JIT compilers for Python, what is the latest news?

Stefan Behnel stefan_ml at behnel.de
Sat Apr 6 15:41:18 EDT 2013


Joshua Landau, 06.04.2013 12:27:
> On 5 April 2013 03:29, John Ladasky wrote:
>> I'm revisiting a project that I haven't touched in over a year.  It was
>> written in Python 2.6, and executed on 32-bit Ubuntu 10.10.  I experienced
>> a 20% performance increase when I used Psyco, because I had a
>> computationally-intensive routine which occupied most of my CPU cycles, and
>> always received the same data type.  (Multiprocessing also helped, and I
>> was using that too.)
>>
>> I have now migrated to a 64-bit Ubuntu 12.10.1, and Python 3.3.  I would
>> rather not revert to my older configuration.  That being said, it would
>> appear from my initial reading that 1) Psyco is considered obsolete and is
>> no longer maintained, 2) Psyco is being superseded by PyPy, 3) PyPy doesn't
>> support Python 3.x, or 64-bit optimizations.
>>
>> Do I understand all that correctly?
>>
>> I guess I can live with the 20% slower execution, but sometimes my code
>> would run for three solid days...
> 
> If you're not willing to go far, I've heard really, really good things
> about Numba.

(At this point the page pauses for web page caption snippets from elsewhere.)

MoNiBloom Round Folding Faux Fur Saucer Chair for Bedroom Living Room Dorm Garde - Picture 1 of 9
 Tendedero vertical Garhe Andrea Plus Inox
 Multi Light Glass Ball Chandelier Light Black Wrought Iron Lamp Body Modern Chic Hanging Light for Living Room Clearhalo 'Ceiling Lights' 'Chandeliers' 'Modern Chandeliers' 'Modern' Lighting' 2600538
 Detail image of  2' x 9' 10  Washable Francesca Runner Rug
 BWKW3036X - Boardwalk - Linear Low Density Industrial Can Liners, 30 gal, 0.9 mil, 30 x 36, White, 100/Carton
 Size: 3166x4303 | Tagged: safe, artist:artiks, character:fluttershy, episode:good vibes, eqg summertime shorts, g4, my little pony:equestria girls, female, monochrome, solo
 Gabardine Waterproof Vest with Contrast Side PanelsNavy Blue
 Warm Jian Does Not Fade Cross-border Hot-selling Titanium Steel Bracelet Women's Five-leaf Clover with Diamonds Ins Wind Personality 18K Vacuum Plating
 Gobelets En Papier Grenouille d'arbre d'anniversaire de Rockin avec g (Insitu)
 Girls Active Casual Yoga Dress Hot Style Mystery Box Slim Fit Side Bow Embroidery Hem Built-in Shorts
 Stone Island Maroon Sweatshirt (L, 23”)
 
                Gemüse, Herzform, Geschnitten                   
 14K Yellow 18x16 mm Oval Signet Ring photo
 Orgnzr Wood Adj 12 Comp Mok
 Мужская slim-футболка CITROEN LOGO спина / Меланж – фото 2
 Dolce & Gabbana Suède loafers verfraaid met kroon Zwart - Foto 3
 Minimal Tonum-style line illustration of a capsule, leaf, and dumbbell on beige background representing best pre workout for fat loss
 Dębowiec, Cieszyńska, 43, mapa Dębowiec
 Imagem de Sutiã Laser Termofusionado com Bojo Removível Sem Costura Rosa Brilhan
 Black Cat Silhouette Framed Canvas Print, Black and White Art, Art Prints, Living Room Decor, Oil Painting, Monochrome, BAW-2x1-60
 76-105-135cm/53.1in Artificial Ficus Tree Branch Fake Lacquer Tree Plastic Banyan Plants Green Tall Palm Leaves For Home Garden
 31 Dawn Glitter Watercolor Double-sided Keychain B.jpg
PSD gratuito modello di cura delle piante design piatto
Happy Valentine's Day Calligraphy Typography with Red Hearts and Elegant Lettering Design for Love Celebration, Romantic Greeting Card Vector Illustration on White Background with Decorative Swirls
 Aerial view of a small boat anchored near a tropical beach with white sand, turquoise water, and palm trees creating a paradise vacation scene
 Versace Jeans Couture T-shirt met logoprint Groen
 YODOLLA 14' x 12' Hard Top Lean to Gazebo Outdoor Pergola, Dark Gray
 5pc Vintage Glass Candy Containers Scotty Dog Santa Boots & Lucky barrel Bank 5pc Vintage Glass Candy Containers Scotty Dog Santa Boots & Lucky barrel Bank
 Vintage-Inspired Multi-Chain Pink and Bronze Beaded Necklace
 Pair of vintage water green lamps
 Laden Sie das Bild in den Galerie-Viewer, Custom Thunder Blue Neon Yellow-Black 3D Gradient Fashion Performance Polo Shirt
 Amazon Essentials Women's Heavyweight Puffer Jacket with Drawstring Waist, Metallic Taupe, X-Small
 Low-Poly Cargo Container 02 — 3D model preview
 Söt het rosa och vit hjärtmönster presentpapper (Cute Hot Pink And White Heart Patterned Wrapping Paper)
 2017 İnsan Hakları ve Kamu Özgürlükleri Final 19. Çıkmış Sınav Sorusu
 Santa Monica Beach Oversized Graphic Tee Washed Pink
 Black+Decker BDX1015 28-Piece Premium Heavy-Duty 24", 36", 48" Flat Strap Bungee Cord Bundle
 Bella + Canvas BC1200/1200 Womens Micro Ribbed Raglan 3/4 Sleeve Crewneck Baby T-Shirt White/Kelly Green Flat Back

I've not used it, but seriously:
> http://jakevdp.github.io/blog/2012/08/24/numba-vs-cython/.
> 
> Also, PyPy is fine for 64 bit, even if it doesn't gain much from it. So
> going back to 2.7 might give you that 20% back for almost free. It depends
> how complex the code is, though.

I would guess that the main problem is rather that PyPy doesn't support
NumPy (it has its own array implementation, but that's about it). John
already mentioned that most of the heavy lifting in his code is done by NumPy.